Exercise brief » Nothing outside the stretch is wanted. Repeat exactly the lines of the listing below from the one that contains "就在今天，日本首相高市早苗突然在社交平台上发了一篇文" through the one that contains "4 Brennon St — Photo 29", both ends included.

* * * * * * *

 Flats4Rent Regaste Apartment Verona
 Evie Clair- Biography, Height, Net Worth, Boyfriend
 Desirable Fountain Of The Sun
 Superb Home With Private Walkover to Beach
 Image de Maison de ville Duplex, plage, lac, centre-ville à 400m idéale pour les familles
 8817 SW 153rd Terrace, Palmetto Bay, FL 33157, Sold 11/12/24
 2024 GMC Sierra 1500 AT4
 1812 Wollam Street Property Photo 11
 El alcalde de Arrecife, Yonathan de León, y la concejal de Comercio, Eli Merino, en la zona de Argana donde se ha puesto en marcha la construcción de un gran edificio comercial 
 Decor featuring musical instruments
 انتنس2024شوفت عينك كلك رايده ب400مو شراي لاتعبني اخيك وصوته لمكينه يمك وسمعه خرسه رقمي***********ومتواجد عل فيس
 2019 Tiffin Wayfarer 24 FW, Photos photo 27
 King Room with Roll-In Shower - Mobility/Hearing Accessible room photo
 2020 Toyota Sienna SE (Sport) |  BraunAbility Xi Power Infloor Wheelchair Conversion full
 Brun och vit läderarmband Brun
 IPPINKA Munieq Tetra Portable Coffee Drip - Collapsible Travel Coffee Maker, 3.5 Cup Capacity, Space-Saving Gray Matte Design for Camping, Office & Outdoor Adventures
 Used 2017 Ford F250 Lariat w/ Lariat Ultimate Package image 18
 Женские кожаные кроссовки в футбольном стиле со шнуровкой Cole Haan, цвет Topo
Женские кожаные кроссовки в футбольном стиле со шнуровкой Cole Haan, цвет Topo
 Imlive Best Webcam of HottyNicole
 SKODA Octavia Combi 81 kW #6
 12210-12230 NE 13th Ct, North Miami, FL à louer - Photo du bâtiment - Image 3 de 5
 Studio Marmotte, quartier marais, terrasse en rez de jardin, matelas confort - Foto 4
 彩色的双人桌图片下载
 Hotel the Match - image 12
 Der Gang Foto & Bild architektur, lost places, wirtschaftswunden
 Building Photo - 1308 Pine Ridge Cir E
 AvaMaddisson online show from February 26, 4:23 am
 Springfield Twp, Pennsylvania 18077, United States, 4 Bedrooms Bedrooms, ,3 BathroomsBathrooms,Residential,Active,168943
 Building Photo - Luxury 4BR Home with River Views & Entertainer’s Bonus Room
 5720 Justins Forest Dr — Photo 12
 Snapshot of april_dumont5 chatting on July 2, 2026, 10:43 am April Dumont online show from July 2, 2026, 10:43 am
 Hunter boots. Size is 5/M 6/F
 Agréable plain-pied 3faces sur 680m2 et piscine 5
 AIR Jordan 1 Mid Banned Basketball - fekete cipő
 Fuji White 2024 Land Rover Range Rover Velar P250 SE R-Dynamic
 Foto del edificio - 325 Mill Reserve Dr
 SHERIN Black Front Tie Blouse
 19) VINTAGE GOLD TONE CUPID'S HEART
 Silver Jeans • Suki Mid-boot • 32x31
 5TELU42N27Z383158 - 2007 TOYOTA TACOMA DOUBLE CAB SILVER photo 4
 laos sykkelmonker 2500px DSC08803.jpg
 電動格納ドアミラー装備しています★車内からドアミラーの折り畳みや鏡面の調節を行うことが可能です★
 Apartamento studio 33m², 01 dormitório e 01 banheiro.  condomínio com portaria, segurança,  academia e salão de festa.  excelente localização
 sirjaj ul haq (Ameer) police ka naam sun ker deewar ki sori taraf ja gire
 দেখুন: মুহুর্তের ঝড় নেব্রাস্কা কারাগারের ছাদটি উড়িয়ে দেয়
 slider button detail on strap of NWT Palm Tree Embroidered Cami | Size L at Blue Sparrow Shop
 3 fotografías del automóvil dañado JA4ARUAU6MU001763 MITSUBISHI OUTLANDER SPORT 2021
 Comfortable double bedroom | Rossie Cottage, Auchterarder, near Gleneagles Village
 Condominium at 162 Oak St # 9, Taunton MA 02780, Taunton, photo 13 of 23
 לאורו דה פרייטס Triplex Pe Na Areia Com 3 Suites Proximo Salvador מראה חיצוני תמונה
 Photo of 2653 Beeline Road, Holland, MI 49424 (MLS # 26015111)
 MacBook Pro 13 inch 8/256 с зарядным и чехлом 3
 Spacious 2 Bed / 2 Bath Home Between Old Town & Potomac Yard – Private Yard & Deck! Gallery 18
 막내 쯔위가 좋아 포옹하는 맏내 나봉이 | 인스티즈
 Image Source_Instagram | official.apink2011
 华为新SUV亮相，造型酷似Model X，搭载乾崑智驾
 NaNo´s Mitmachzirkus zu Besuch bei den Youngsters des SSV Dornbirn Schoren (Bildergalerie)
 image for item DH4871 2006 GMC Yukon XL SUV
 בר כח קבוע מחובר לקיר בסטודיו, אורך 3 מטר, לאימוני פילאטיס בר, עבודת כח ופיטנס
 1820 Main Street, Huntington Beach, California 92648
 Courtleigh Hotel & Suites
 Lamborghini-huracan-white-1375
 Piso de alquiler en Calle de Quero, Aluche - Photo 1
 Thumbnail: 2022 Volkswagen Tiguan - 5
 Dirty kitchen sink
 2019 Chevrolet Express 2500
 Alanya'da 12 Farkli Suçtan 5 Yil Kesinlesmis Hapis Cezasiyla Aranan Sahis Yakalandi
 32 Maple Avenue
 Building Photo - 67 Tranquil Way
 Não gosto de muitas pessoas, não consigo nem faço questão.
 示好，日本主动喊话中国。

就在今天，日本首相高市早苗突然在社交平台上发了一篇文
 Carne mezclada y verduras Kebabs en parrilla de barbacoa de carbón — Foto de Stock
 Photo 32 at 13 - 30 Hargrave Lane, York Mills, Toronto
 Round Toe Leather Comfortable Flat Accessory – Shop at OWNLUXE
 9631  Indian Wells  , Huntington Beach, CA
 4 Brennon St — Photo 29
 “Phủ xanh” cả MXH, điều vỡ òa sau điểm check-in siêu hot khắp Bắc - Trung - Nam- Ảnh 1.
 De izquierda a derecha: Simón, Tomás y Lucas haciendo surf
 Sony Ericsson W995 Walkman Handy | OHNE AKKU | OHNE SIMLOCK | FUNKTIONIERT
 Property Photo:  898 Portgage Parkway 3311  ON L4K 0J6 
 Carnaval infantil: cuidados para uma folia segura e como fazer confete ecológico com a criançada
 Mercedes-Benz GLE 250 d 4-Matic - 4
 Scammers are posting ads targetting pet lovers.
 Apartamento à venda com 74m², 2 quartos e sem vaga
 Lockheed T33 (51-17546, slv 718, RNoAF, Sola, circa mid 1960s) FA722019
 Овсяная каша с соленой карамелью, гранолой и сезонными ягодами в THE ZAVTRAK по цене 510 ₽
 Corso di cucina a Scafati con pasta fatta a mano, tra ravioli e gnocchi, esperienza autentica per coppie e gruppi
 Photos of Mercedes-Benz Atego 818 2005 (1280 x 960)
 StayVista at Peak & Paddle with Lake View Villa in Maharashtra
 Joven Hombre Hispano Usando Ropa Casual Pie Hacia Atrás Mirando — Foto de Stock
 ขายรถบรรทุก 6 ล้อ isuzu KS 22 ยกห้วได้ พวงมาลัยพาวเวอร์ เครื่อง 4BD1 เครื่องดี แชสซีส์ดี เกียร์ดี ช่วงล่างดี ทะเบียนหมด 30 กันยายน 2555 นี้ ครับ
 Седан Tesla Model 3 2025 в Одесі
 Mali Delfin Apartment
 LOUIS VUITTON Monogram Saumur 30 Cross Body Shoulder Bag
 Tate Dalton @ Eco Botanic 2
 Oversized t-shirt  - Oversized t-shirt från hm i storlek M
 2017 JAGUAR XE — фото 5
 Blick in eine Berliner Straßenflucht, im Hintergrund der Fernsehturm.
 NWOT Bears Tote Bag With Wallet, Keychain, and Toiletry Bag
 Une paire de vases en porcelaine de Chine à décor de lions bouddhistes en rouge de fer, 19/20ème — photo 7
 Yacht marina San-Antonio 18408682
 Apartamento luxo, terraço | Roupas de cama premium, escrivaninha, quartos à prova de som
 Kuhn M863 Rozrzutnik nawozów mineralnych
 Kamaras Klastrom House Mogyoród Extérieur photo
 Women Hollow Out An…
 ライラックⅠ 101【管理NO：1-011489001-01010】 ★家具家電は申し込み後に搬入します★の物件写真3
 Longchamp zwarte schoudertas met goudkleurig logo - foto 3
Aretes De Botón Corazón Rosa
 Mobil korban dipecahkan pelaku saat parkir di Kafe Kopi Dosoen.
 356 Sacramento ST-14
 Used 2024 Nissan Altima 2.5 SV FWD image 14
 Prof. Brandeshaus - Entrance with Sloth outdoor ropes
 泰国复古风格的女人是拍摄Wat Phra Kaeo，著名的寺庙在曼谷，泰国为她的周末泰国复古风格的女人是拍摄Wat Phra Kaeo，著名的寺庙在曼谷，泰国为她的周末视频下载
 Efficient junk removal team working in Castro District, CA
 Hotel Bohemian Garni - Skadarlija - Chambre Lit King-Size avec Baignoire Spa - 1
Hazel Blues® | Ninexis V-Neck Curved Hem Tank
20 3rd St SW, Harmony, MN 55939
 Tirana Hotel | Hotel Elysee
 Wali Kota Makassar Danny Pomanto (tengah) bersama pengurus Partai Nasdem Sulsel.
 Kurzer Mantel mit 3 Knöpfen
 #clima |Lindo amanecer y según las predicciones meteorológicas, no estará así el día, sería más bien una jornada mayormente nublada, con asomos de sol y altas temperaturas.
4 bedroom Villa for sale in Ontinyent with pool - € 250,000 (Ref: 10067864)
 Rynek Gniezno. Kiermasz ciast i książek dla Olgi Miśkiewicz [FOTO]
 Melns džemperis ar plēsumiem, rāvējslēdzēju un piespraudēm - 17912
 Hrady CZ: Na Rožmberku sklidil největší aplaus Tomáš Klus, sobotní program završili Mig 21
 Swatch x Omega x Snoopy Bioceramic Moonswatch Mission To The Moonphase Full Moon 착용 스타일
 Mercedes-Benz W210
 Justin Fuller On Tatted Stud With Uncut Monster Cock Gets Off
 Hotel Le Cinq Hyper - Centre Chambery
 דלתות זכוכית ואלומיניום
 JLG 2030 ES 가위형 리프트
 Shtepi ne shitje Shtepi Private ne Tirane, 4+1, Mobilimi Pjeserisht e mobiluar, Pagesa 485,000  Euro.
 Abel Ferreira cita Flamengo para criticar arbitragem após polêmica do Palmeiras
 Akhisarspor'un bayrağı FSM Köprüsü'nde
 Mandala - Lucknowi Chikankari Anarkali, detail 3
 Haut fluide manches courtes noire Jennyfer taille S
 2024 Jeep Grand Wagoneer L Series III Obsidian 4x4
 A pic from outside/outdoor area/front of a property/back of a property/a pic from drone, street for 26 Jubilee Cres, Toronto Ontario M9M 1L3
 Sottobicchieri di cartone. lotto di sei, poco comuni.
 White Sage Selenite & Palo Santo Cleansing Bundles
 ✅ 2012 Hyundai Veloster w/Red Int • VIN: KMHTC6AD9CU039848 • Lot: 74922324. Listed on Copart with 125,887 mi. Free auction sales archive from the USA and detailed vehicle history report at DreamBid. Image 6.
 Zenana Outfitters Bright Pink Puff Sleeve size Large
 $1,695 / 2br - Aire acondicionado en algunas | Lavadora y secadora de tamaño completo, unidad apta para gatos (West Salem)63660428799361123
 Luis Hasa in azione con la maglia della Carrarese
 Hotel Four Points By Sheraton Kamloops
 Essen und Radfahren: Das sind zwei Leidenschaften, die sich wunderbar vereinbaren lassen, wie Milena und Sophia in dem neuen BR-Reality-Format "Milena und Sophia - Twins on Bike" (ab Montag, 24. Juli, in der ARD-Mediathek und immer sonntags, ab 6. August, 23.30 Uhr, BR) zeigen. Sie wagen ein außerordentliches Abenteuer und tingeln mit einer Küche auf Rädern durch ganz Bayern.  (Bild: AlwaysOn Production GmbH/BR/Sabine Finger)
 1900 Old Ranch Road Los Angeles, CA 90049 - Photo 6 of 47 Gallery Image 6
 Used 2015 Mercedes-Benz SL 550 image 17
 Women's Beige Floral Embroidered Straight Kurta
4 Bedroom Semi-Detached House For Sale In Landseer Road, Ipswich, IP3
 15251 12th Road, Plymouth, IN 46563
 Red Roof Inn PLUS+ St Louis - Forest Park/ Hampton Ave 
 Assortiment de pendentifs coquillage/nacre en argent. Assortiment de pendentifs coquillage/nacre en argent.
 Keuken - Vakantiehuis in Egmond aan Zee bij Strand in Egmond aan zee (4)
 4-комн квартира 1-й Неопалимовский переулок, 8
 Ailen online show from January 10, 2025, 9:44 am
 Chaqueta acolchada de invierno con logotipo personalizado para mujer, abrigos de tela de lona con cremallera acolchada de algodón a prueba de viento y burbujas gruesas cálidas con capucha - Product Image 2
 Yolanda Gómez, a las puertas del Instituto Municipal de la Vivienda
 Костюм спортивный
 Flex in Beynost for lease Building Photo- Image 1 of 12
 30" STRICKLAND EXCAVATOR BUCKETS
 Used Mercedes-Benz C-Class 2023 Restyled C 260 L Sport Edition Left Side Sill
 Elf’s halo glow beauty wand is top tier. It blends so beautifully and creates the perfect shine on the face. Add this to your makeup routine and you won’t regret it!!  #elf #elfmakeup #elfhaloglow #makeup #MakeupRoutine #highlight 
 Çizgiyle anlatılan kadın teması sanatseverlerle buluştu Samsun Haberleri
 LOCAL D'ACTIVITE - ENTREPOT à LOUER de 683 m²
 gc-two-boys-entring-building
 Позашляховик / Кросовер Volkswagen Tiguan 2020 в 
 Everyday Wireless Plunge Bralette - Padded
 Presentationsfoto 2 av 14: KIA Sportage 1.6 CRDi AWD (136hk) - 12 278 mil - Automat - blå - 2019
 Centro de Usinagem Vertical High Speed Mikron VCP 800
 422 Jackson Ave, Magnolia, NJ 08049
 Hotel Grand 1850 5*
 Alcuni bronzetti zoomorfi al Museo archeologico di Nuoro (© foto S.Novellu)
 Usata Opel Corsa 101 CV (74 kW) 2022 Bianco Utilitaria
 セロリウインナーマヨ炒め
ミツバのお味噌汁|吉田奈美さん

* * * * * * *

Output for this task »
就在今天，日本首相高市早苗突然在社交平台上发了一篇文
 Carne mezclada y verduras Kebabs en parrilla de barbacoa de carbón — Foto de Stock
 Photo 32 at 13 - 30 Hargrave Lane, York Mills, Toronto
 Round Toe Leather Comfortable Flat Accessory – Shop at OWNLUXE
 9631  Indian Wells  , Huntington Beach, CA
 4 Brennon St — Photo 29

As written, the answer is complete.